Black Radical Humanism and the Problem of Freedom
President's Room in Memorial Student Union
Since the inception of Atlantic slave system, the degree of systemic violence that Western societies have perpetrated upon African and Afro-descended peoples is astonishing. Its staggering scope, intensity, and chronicity have been intrinsic to the making of the modern world. Attention is often called to how this violence has been mediated by European conceptions of humanism, humanity, and the human. Yet central to many of this community’s most important radical thinkers -- inseparable from their reflections on racism, domination, and emancipation -- is a commitment to what can only be called radical humanism. Scholars often treat this as a puzzle to be solved or problem to be explained. In contrast, I am interested in examining precisely the humanism of their radicalism and the radicalism of their humanism. Doing so, I believe, will illuminate a particular current or tradition of 20th century black radicalism that developed in the U.S., the Caribbean, Europe, and Africa, in both Anglophone and Francophone contexts. It may help us to better engage the issues with which they grappled – not only the color bar, racial capitalism, and colonial imperialism, but the very problem of freedom, the meaning of emancipation, and the possibility of a good life under modern conditions.
Running through this study is an argument about the parallels, intersections, and productive tensions between this form of black radical humanism and 20th century heterodox Marxism. Central to the project are close readings of W.E.B. Dubois, CLR James, Aimé Césaire, Édouard Glissant, Stuart Hall, and Paul Gilroy in relation to their insurgent or maroon predecessors and their feminist, postcolonial, or Afro-Pessimist successors.
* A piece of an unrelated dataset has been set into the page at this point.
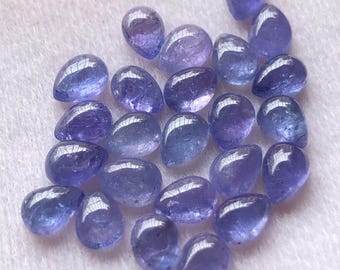 AAA Tanzanite Cabochon: 7x5 mm Pear, Natural Violet-Blue Gemstone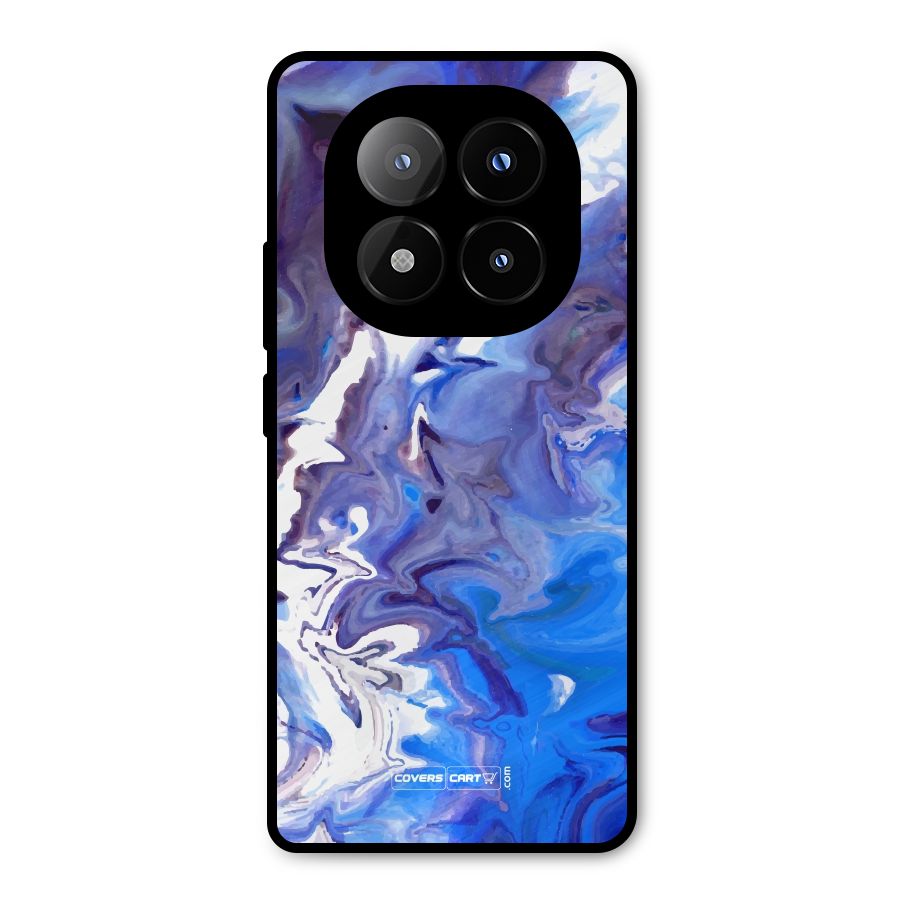 Cool Blue Marble Texture Metal Back Case for Redmi Note 14 Pro Plus 5G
Gary Wilder is a Professor in the Ph.D. Programs of Anthropology and History and Director of the Committee on Globalization and Social Change at the Graduate Center of the City University of New York. He is the author of Freedom Time: Negritude, Decolonization, and the Future of the World (Duke University Press, 2015) and The French Imperial Nation-State: Negritude and Colonial Humanism Between the World Wars (University of Chicago Press, 2005). In Spring 2018 he co-authored Theses on Theory and History, an open source digital publication, with Ethan Kleinberg and Joan Wallach Scott. He is currently completing a book entitled “Untimely History, Unhomely Times: On the Politics of Temporality and Solidarity” and working on another about black radical humanism in the Atlantic world provisionally entitled “After the Revolution, or More Abundant Life.”